Aim of the exercise — Return every line from the listing where the word "waist" occurs.

Data for the task —
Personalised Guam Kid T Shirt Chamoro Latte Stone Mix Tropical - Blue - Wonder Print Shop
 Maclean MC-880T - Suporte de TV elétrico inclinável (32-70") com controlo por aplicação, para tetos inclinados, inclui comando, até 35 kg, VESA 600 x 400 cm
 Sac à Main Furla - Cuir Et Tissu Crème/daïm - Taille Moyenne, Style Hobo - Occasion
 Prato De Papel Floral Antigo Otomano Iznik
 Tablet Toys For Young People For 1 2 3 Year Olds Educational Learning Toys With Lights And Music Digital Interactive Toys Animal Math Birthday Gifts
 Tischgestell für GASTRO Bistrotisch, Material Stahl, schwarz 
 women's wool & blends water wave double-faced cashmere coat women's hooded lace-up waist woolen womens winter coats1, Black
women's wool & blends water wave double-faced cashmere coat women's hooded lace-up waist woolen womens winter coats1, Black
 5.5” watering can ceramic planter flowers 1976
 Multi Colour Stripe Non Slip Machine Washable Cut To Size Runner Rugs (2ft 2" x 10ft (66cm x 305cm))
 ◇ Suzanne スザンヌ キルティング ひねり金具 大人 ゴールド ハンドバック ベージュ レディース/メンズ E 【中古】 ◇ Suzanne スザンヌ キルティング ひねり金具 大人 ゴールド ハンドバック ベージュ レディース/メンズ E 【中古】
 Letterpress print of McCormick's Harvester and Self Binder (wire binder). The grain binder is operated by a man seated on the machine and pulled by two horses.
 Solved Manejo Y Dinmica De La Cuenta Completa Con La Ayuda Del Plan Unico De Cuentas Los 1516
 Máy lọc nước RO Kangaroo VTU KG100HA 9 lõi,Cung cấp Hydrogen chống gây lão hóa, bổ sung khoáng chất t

Output below —
 women's wool & blends water wave double-faced cashmere coat women's hooded lace-up waist woolen womens winter coats1, Black
women's wool & blends water wave double-faced cashmere coat women's hooded lace-up waist woolen womens winter coats1, Black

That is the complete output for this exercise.